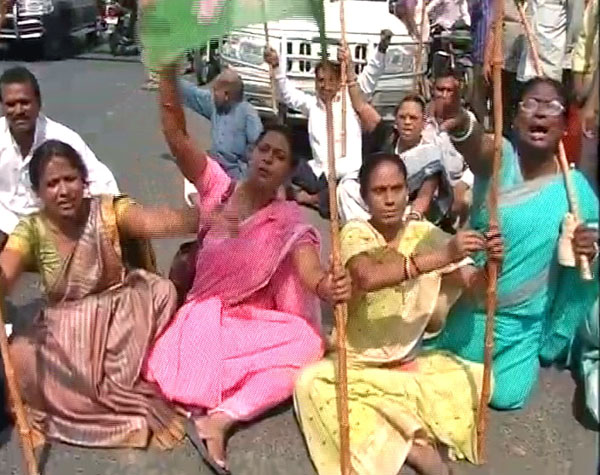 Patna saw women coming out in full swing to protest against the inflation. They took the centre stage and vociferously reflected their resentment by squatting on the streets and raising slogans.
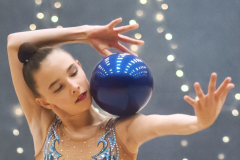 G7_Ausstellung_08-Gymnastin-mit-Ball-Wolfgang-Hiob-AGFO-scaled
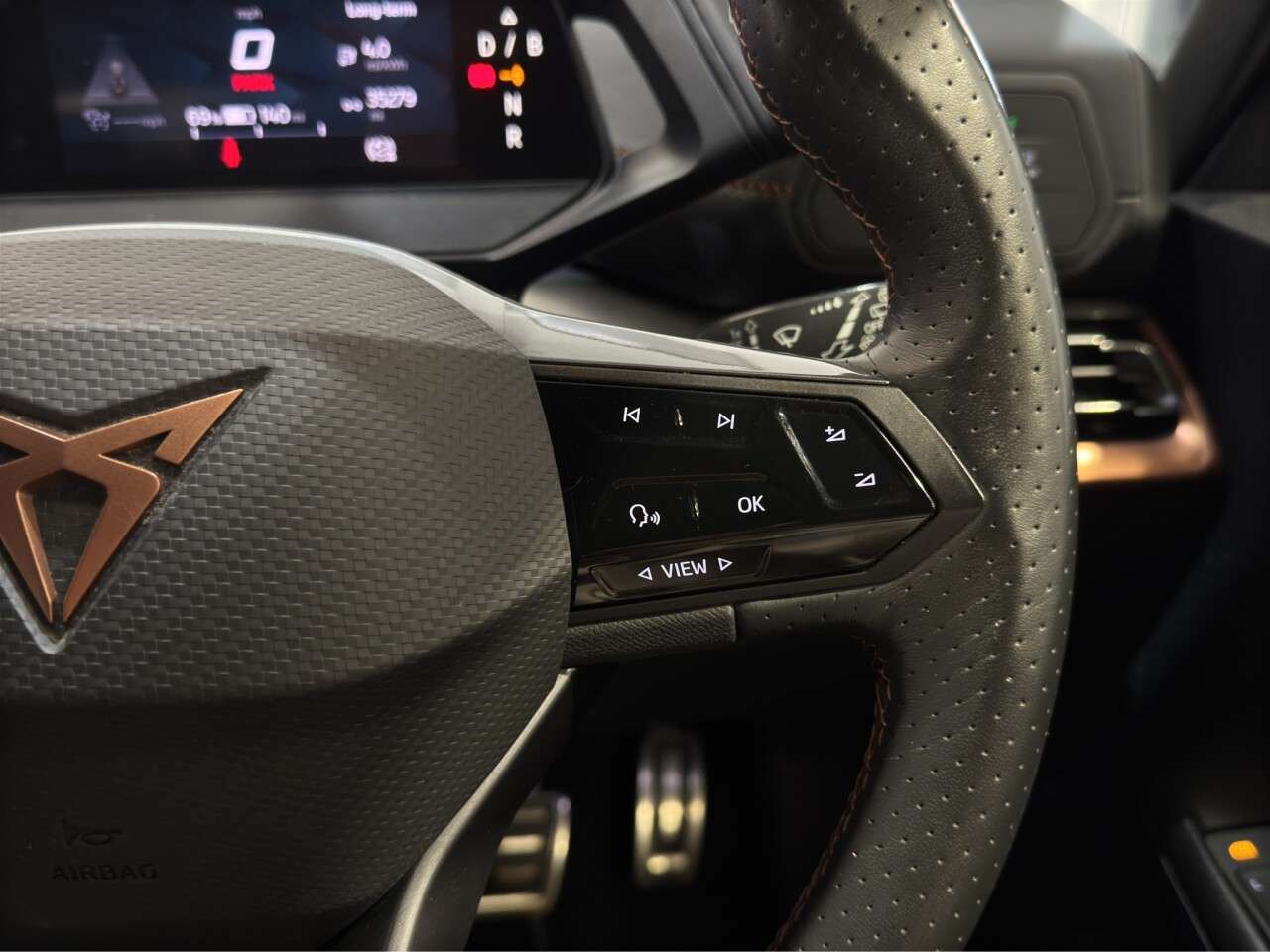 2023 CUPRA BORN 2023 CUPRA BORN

--- --- ---

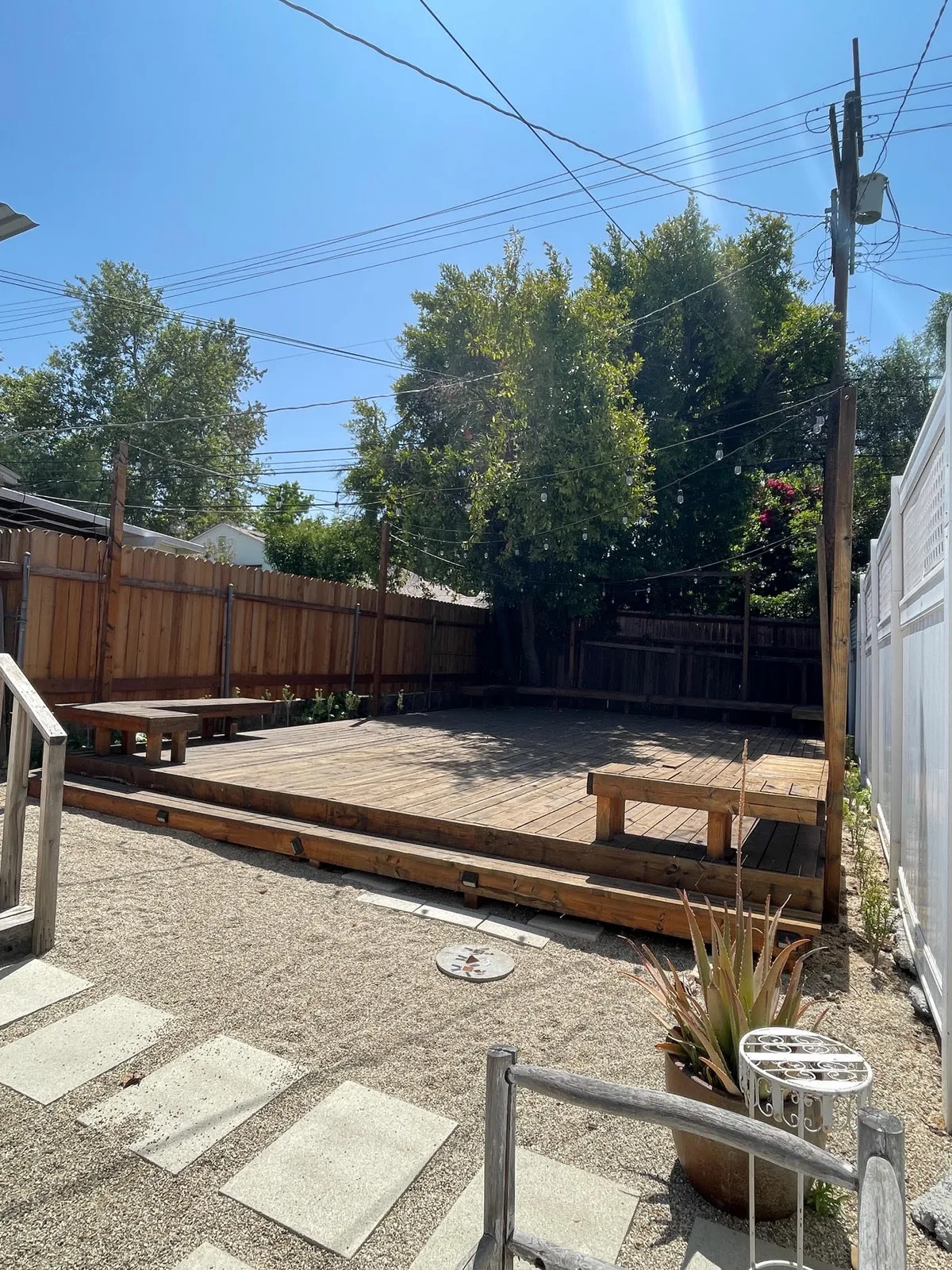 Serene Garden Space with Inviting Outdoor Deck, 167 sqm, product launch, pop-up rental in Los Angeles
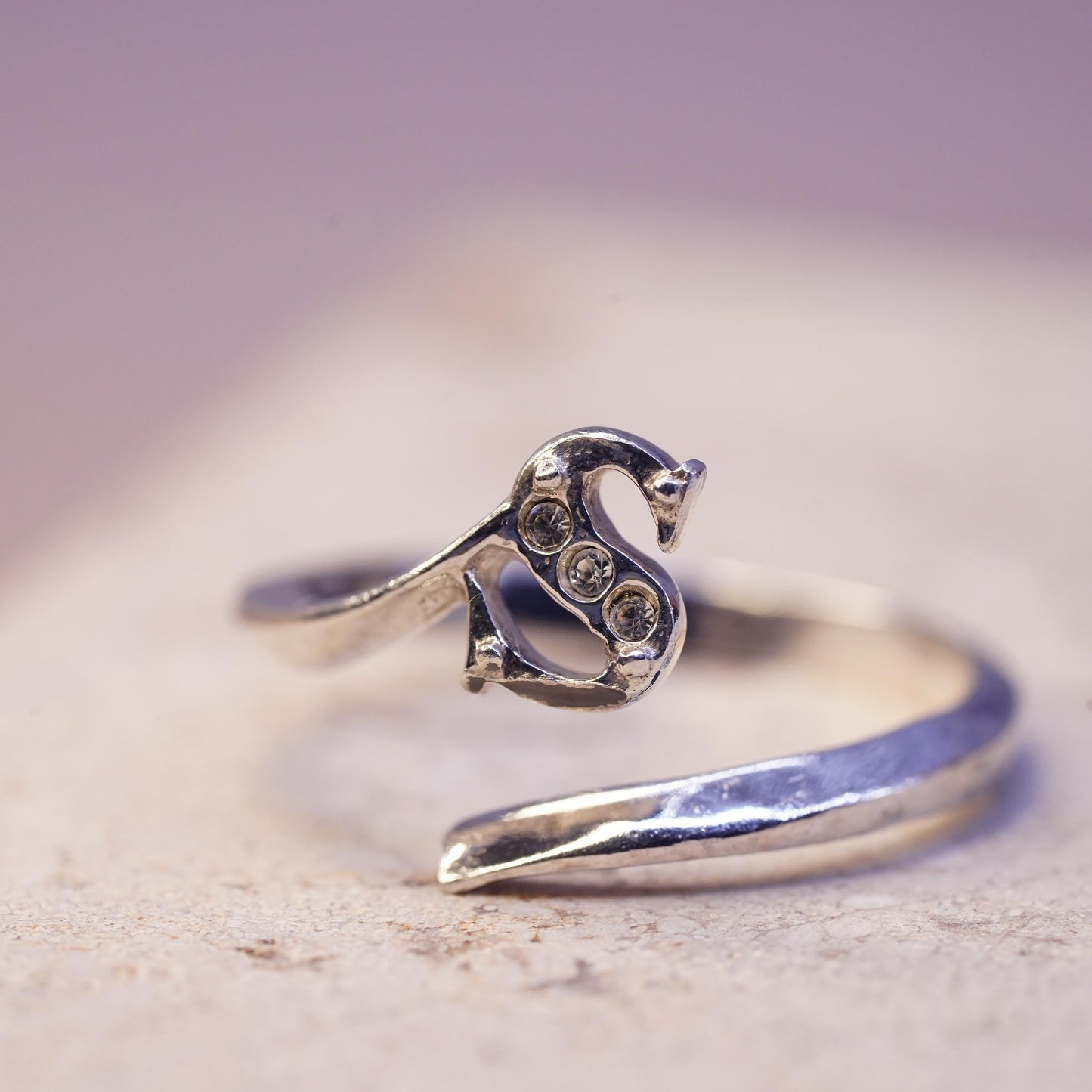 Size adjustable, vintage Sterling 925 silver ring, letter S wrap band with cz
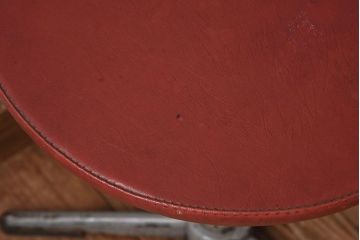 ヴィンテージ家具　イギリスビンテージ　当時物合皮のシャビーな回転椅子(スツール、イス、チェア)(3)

--- --- ---

▸ **About this task**: Going by the data above, give back only the lines from the one containing "Patna saw women" through the one containing "2023 CUPRA BORN 2023 CUPRA BORN", exactly as they stand, both ends included and no images.

▸ **Output for this task**:
 Patna saw women coming out in full swing to protest against the inflation. They took the centre stage and vociferously reflected their resentment by squatting on the streets and raising slogans.
 G7_Ausstellung_08-Gymnastin-mit-Ball-Wolfgang-Hiob-AGFO-scaled
 2023 CUPRA BORN 2023 CUPRA BORN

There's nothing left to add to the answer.